Many soldiers stationed far from home had only to worry about surviving the war, but Steinberg had two other concerns that occupied him almost full-time: persuading Hedda Sterne to divorce her husband and marry him and promoting his promising career.
All the while that he was being shuttled from one European posting to another, he was also fulfilling commissions generated by the Civita brothers and assuaging the astonishment and horror of his New Yorker editors when they discovered that his agents took 30 percent of his earnings.

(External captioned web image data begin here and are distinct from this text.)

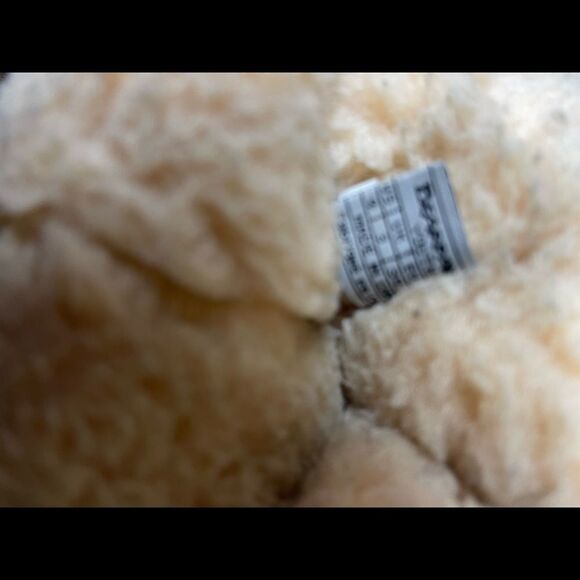 BearPaw youth suedes and back knit boots with sheep skin wool blend lining SZ4 - Picture 7 of 12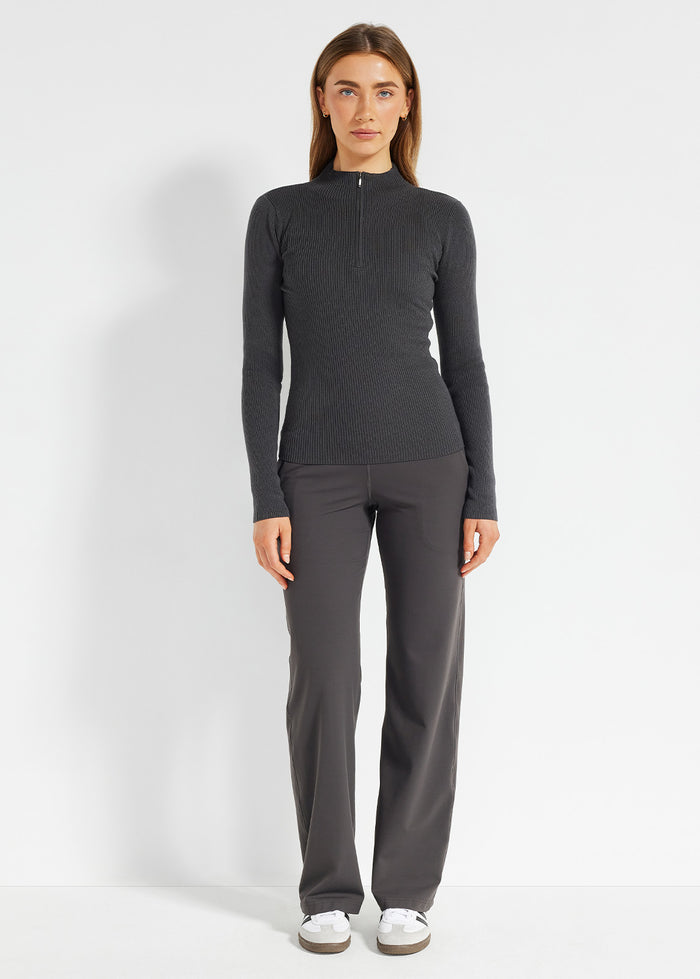 Snug Knit 1/2 Zip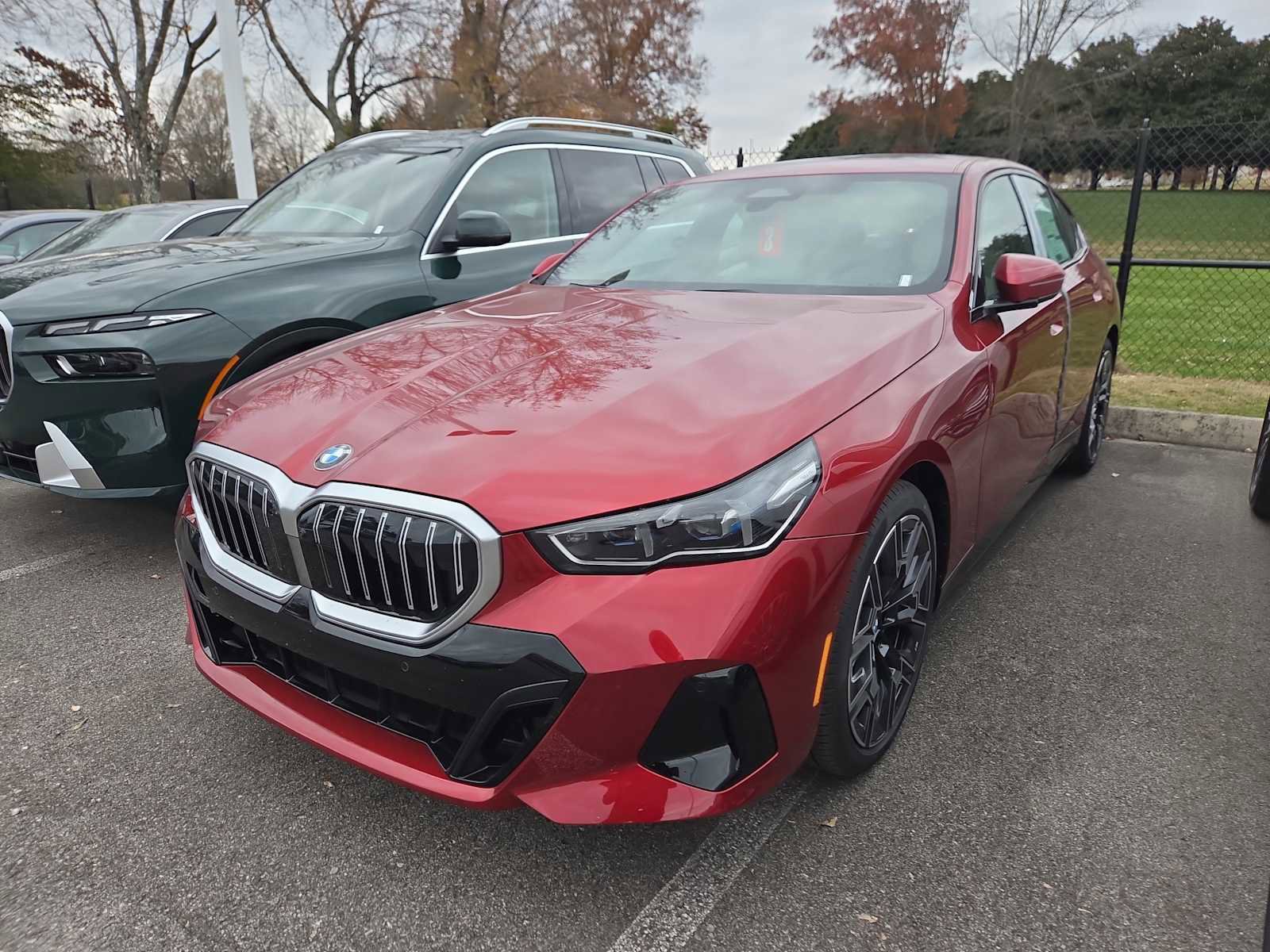 New 2026 BMW 530i xDrive image 10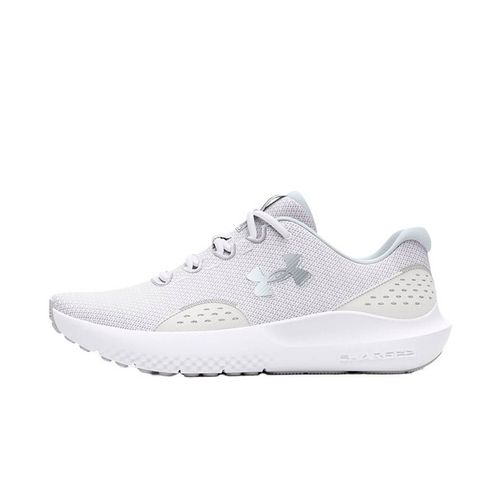 Tenis deportivo Under Armour blanco para dama 3027007100
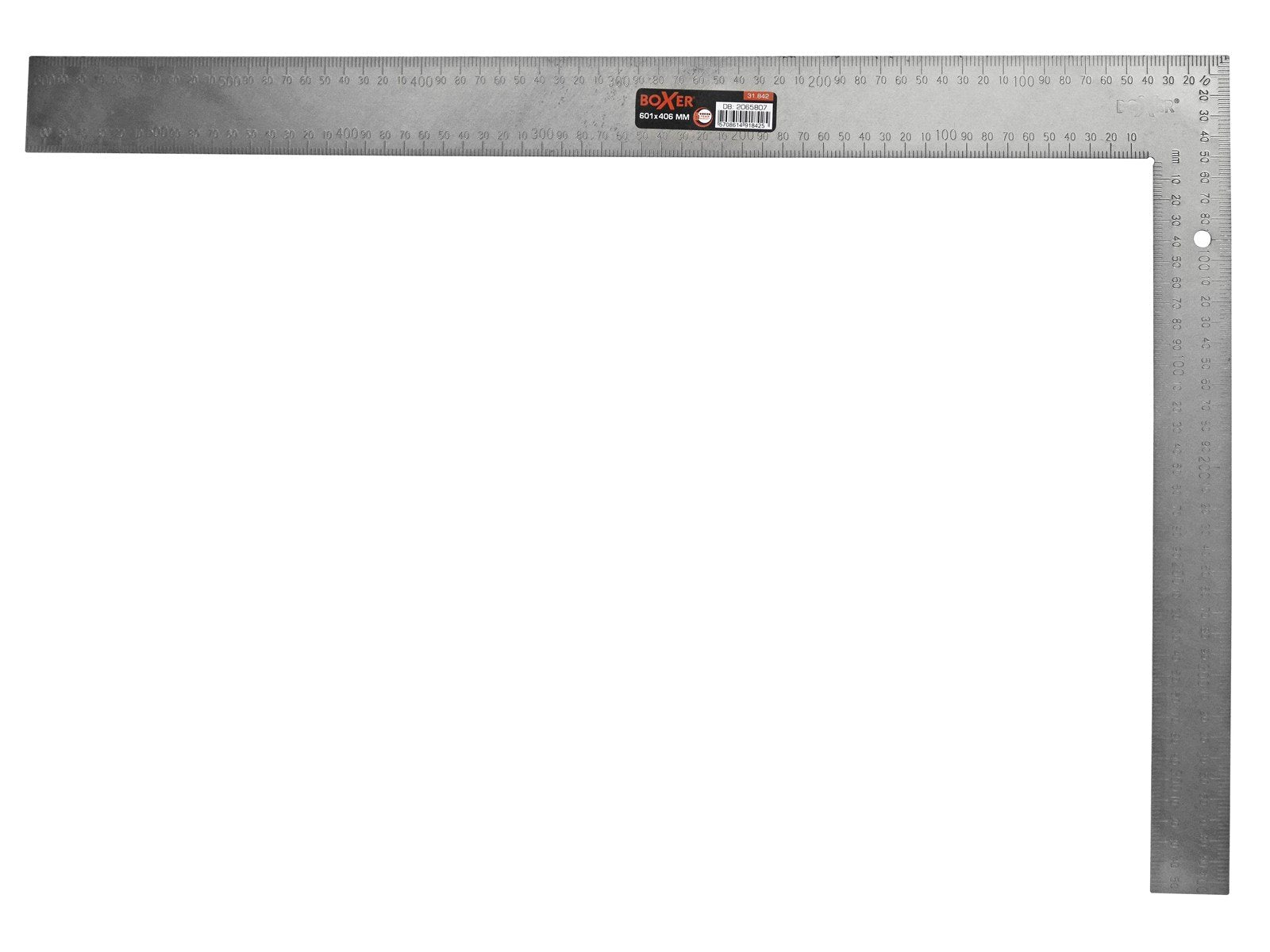 Boxer Carpenter’s square 601x406 mm Boxer Carpenter’s square 601x406 mm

When Steinberg was drafted, he packed the few belongings in his Sixth Avenue hotel room, one small suitcase of clothing and several large boxes of his work, and took them to Hedda Sterne’s apartment. He had put her in charge of supervising all his affairs, particularly acting as go-between and dispensing the drawings according to his directions to Jim Geraghty, the art director at The New Yorker, and Victor Civita, his primary agent now that Cesar was in South America. Before he left, he introduced Hedda to everyone to make sure that they understood she would be making decisions on his behalf. At Civita’s, she and
Gertrude Einstein, the administrative assistant who ran the office, took an instant liking to each other and formed a friendship that smoothed all of Hedda’s subsequent dealings with Victor. Saul left for China quite content that his best interests would be served by Hedwig Stafford, Hedda Stafford, or Hedwig or Hedda Sterne—whatever she was calling herself at that particular moment, to the confusion of those with whom she conducted his business.
While he left the bulk of his old work with Hedda for her to dole out whenever his military postings kept him from sending new work, he left another bundle of drawings with Victor Civita, who quickly got most of them published. As a way of keeping his lucrative client’s name in circulation, he hounded Steinberg repeatedly to send new ones, especially those he could sell to The New Yorker. When the mails delayed the sending or receiving, Hedda had to dig deep into her trove and Civita had to cull whatever he could find as well. Steinberg was not happy when Hedda sent him a copy of The New Yorker in December 1943 with “that horrible drawing of the big A letter at the optician.” It was one he had made at least two years earlier, when he was trying to make the transition from his European style to The New Yorker’s, and to him “it sure is a very stupid drawing.” However, as he did for the rest of his time in the navy, he did not blame his agents for publishing work he was not proud of; instead he made allowances for them.